__ASSIGNMENT__: Make an exact copy of the entries below with the pictures removed.

__EXTRACTED RECORDS__:
—————
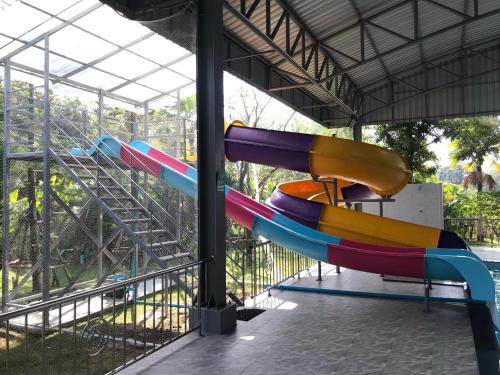 ปีกุนรีสอร์ท & Swimming pool (Pigoon Resort)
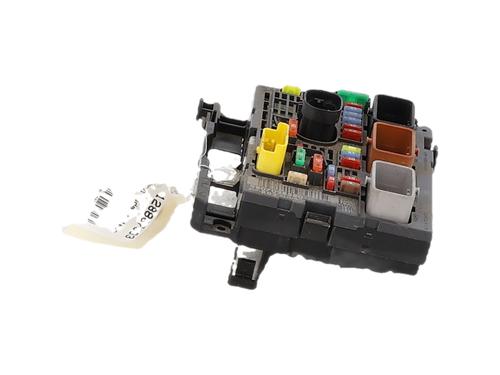 Used Fuse box Fuse box 37650528 37650528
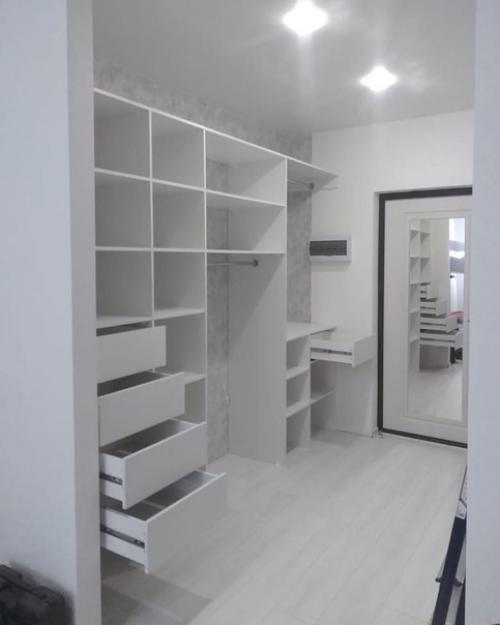 До ремонт тут у нас стояла стандартная прихожка и комод. 03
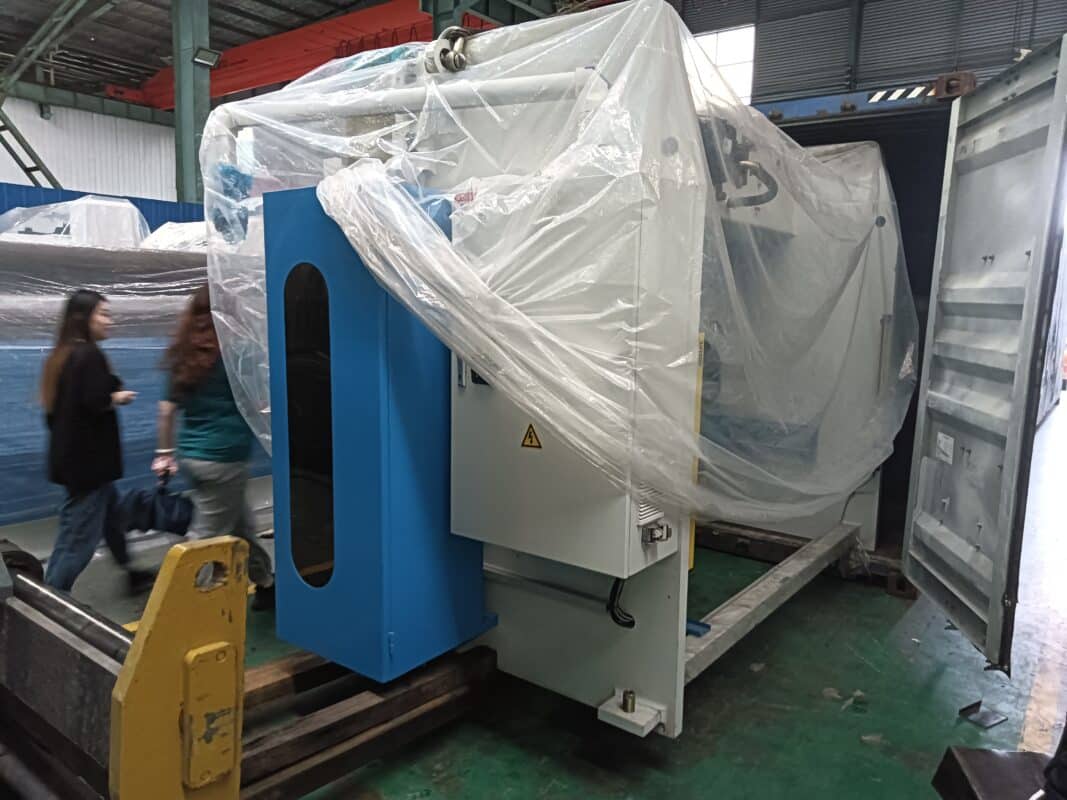 Francja-WE67K-160T3200 Prasa krawędziowa CNC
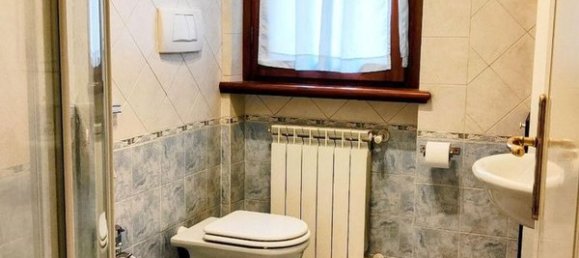 5-Zimmer Wohnung in Camaiore, Italy, Nr. 38401 3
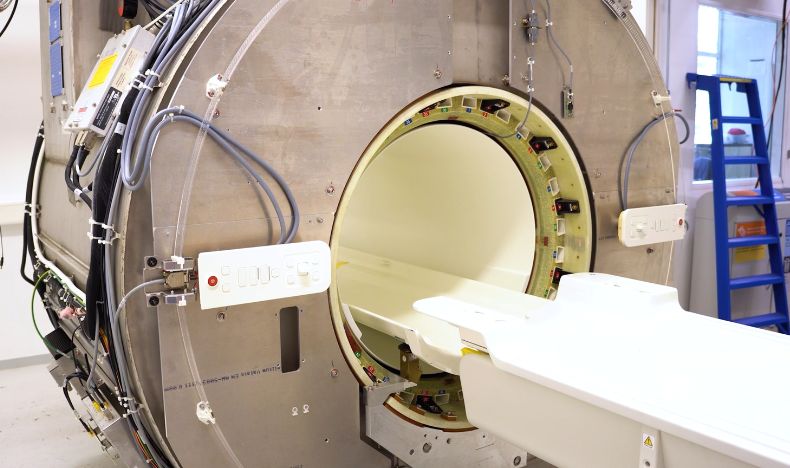 philips mri machine being refurbished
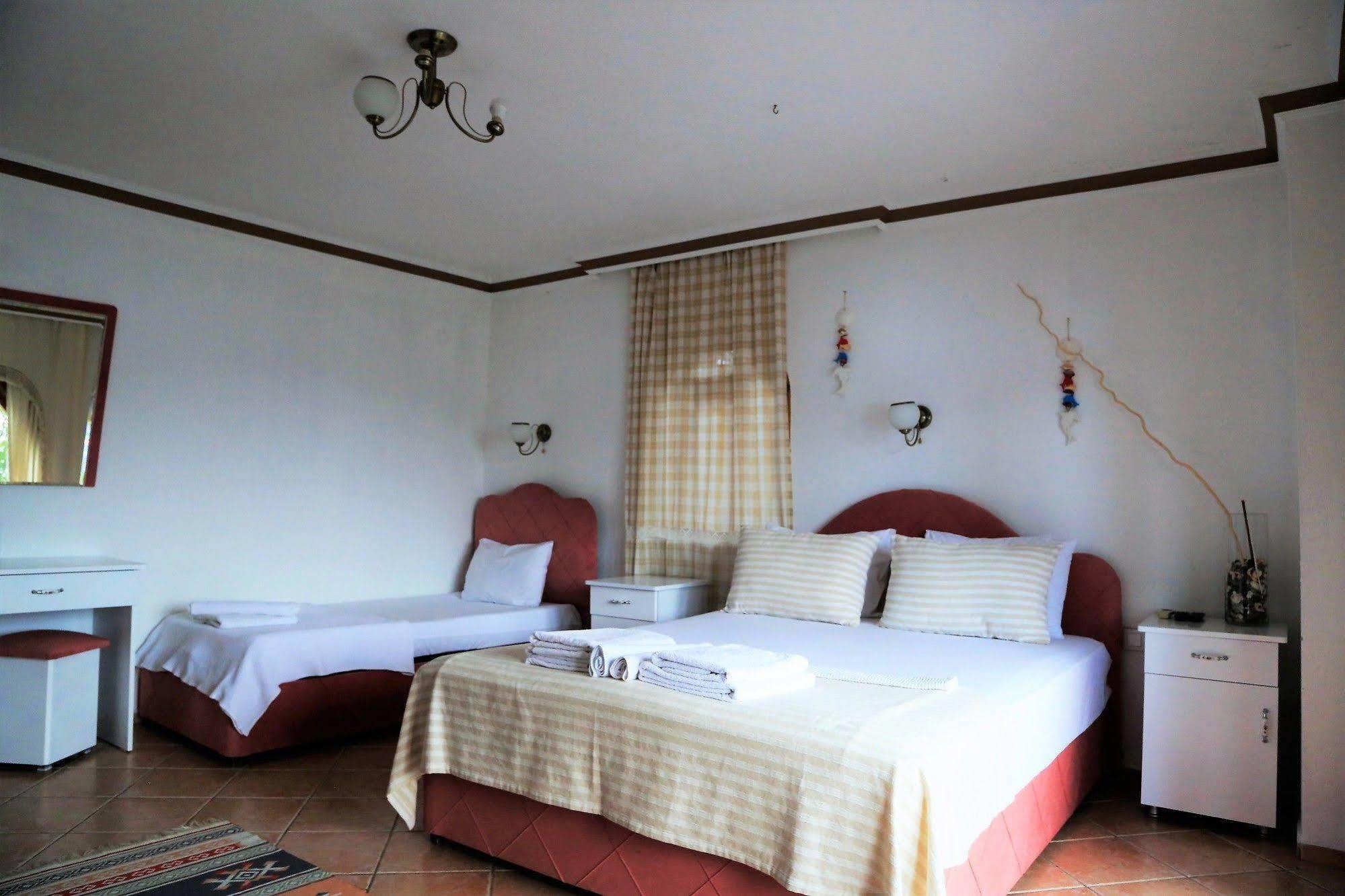 Hotel Dolphin 3*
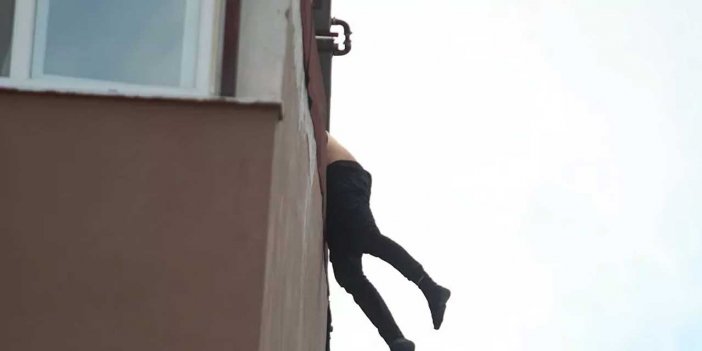 İntihar etmek için çıktı! Polis ikna için gittiğinde arandığını öğrendi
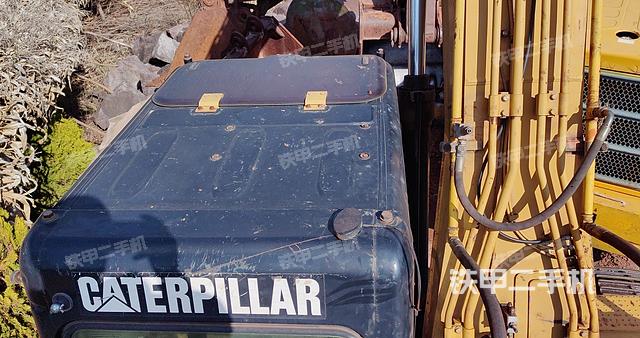 駕駛室頂部(整機外觀) 駕駛室頂部(整機外觀)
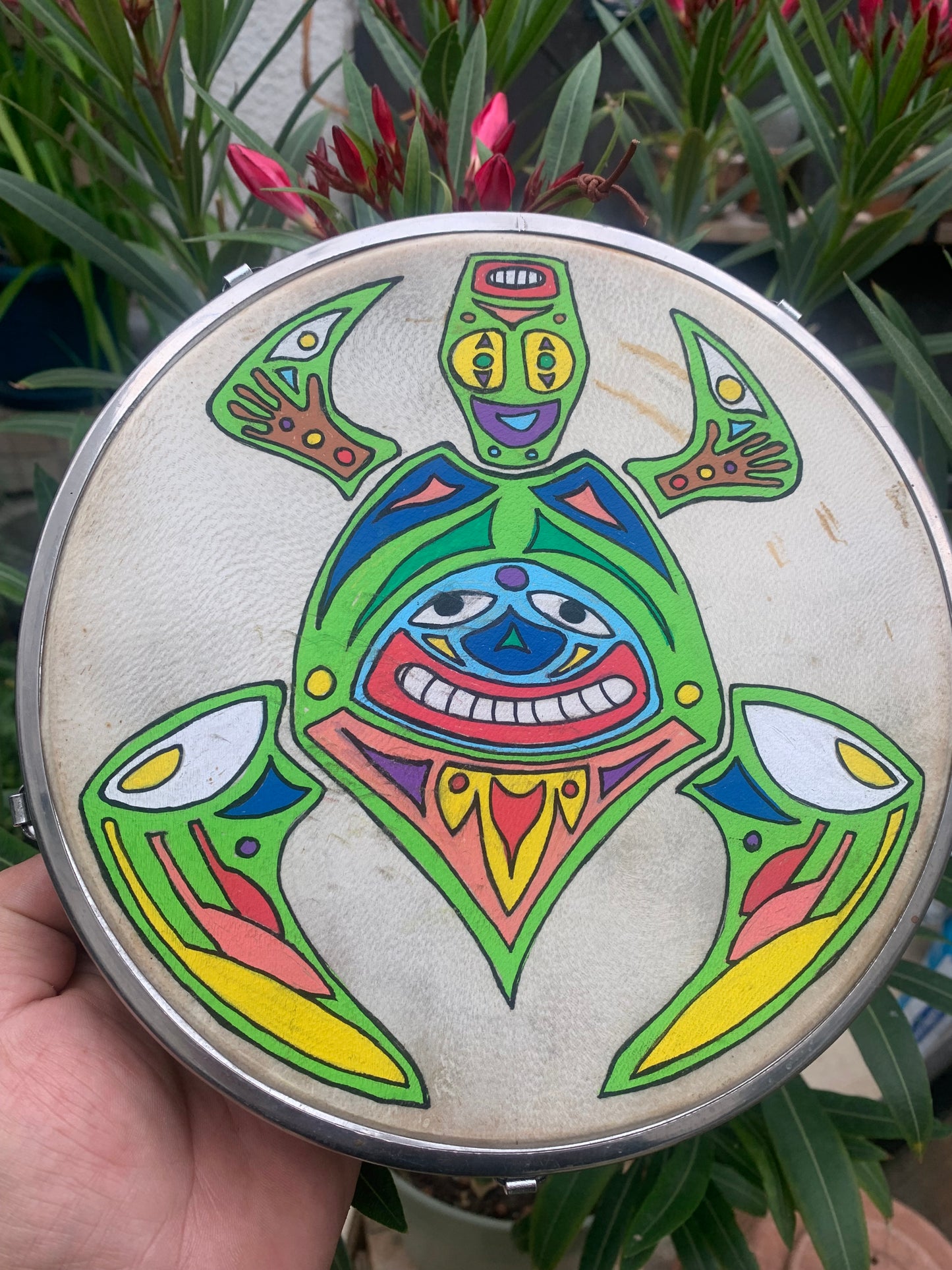 Tambourine/mini-drum made of goatskin, 22x7 centimeters in diameter, with screws for tension adjustment. Handcrafted, perfect for accompaniment, for keeping time! A catchy and hypnotic sound!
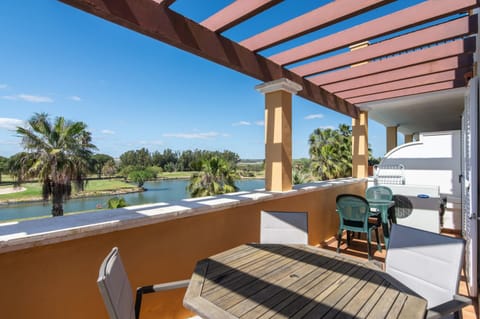 Apartment | Outdoor dining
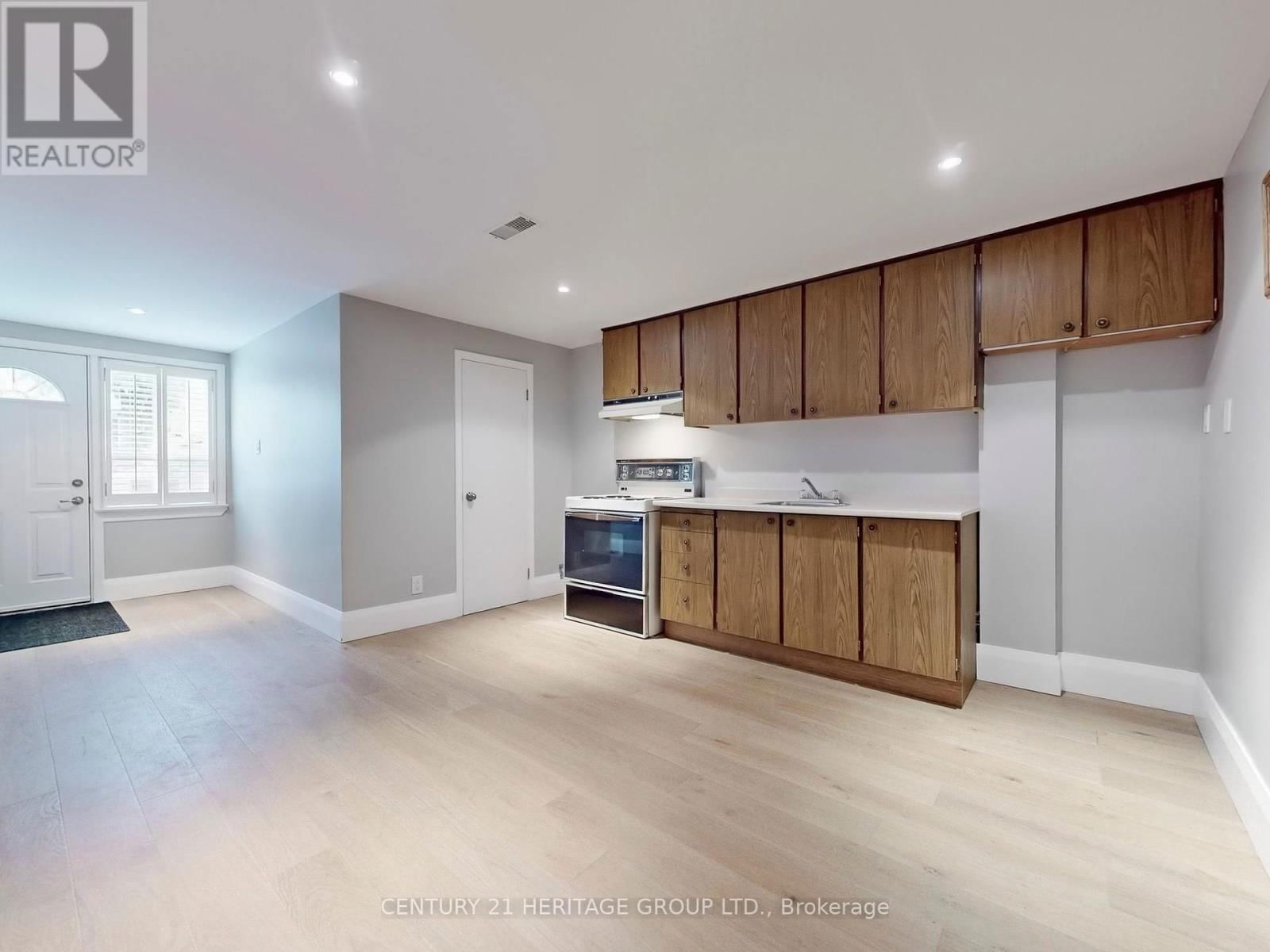 45 REIBER CRESCENT Image 18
—————
__WORKED SOLUTION__:
 ปีกุนรีสอร์ท & Swimming pool (Pigoon Resort)
 Used Fuse box Fuse box 37650528 37650528
 До ремонт тут у нас стояла стандартная прихожка и комод. 03
 Francja-WE67K-160T3200 Prasa krawędziowa CNC
 5-Zimmer Wohnung in Camaiore, Italy, Nr. 38401 3
 philips mri machine being refurbished
 Hotel Dolphin 3*
 İntihar etmek için çıktı! Polis ikna için gittiğinde arandığını öğrendi
 駕駛室頂部(整機外觀) 駕駛室頂部(整機外觀)
 Tambourine/mini-drum made of goatskin, 22x7 centimeters in diameter, with screws for tension adjustment. Handcrafted, perfect for accompaniment, for keeping time! A catchy and hypnotic sound!
 Apartment | Outdoor dining
 45 REIBER CRESCENT Image 18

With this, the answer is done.